I need to tell you something that might sound heretical in our instant-everything world: the biggest mistake you can make with your success plan is rushing it.
I know, I know. This flies in the face of everything you've been told. We live in a culture obsessed with speed. "Move fast and break things" became the Silicon Valley mantra that infected every industry. We celebrate the 25-year-old billionaire, the overnight viral sensation, the startup that scaled from zero to IPO in eighteen months. LinkedIn is flooded with stories of people who "quit their job on a Tuesday and built a seven-figure business by Friday."

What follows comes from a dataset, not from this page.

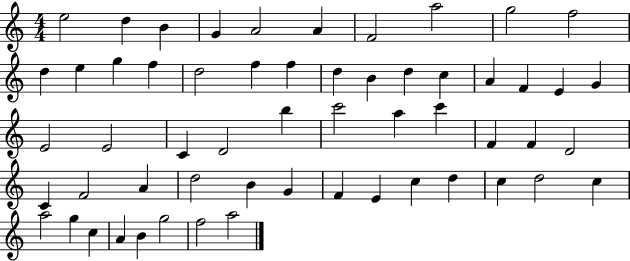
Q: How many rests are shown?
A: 0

But here's what those viral success stories don't tell you: for every person who struck gold quickly, there are thousands who crashed and burned trying to replicate that speed. They burned out their teams, made catastrophic decisions under pressure, and built their careers on foundations so shaky that one market shift toppled everything they'd worked for.

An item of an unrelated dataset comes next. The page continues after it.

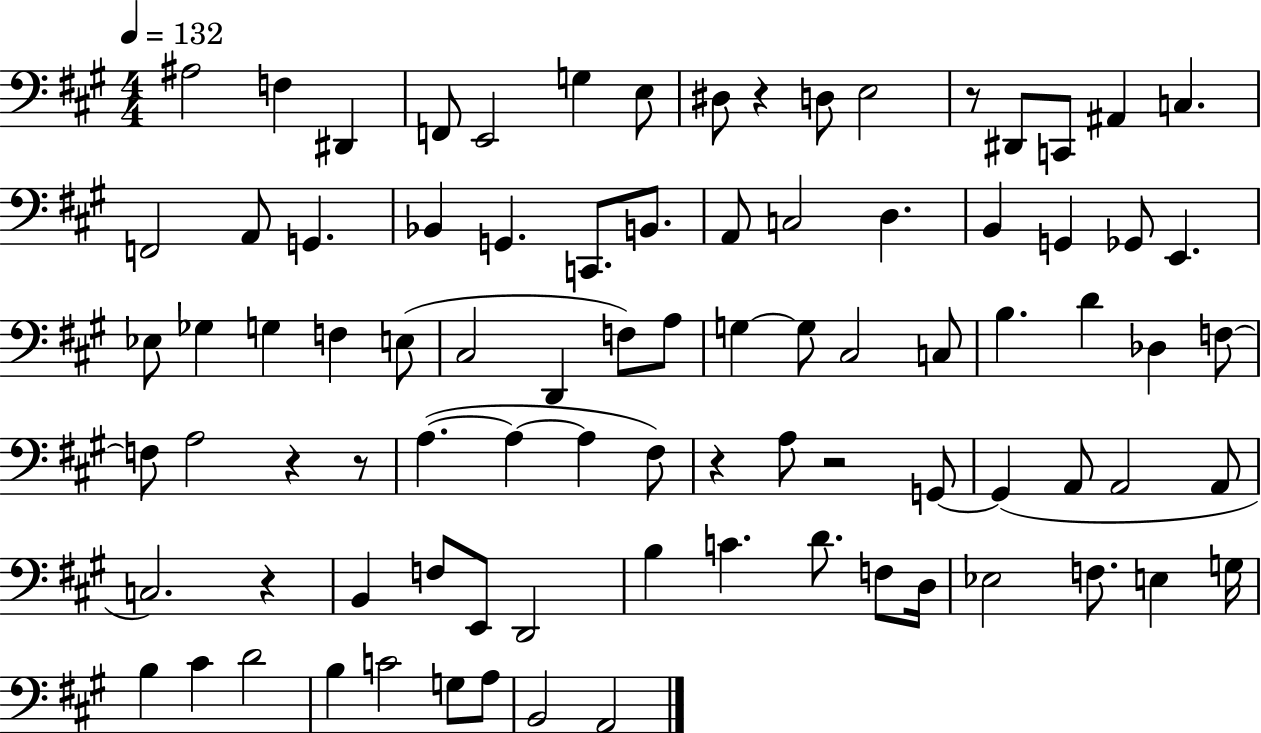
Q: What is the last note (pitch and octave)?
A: A2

After three decades in leadership roles, authoring six books on success and organizational development, and coaching hundreds of professionals, I've observed something counterintuitive: the most successful people I know aren't the fastest—they're the most strategically patient.

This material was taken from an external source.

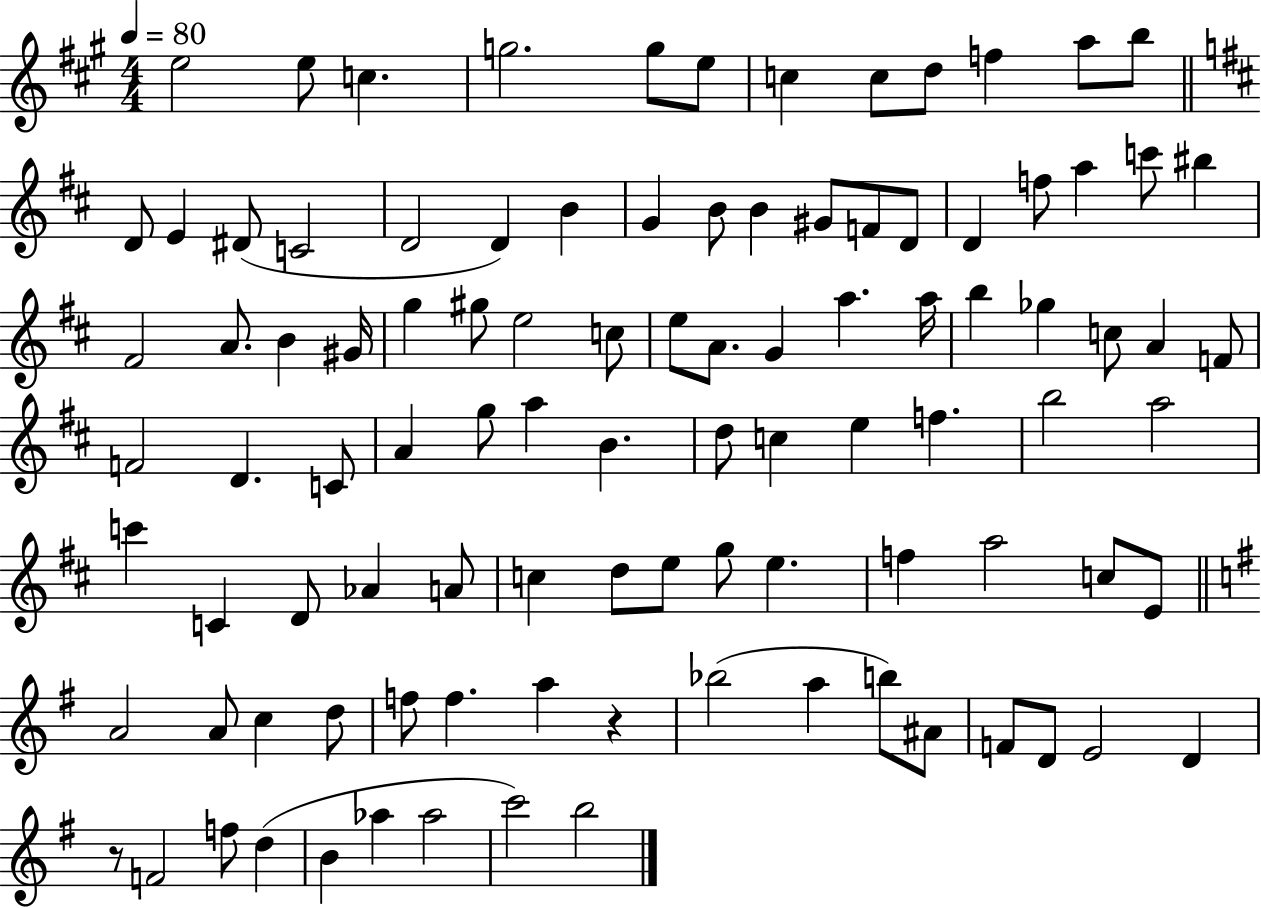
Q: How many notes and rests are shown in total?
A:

Strategic Patience vs. Procrastination: Know the Difference
Before you dismiss this as permission to procrastinate, let me be crystal clear: strategic patience is not procrastination. They're polar opposites.
Procrastination is avoiding action out of fear, overwhelm, or lack of clarity. Strategic patience is the disciplined ability to invest your time in the right activities while resisting the temptation to take premature action on the wrong ones. It's knowing when to move fast and when to move deliberately. It's understanding that some things—like building authentic relationships, developing deep expertise, and discovering your true purpose—simply cannot be rushed without compromising their quality.
Think of it this way: a farmer doesn't plant seeds on Monday and expect a harvest on Friday. They understand that growth requires time, proper conditions, and consistent nurturing. Your career and personal development follow the same natural laws.
The Foundation Problem: Why Rushed Self-Discovery Crumbles
In my book "Where is Your Why?: A Formula of Building Blocks to Attain Success," I outline the Six Pillars that form the foundation of lasting success. These pillars—along with the forty actionable precepts I've developed—require time to internalize, not because they're complicated, but because real transformation happens at the identity level, not just the behavioral level.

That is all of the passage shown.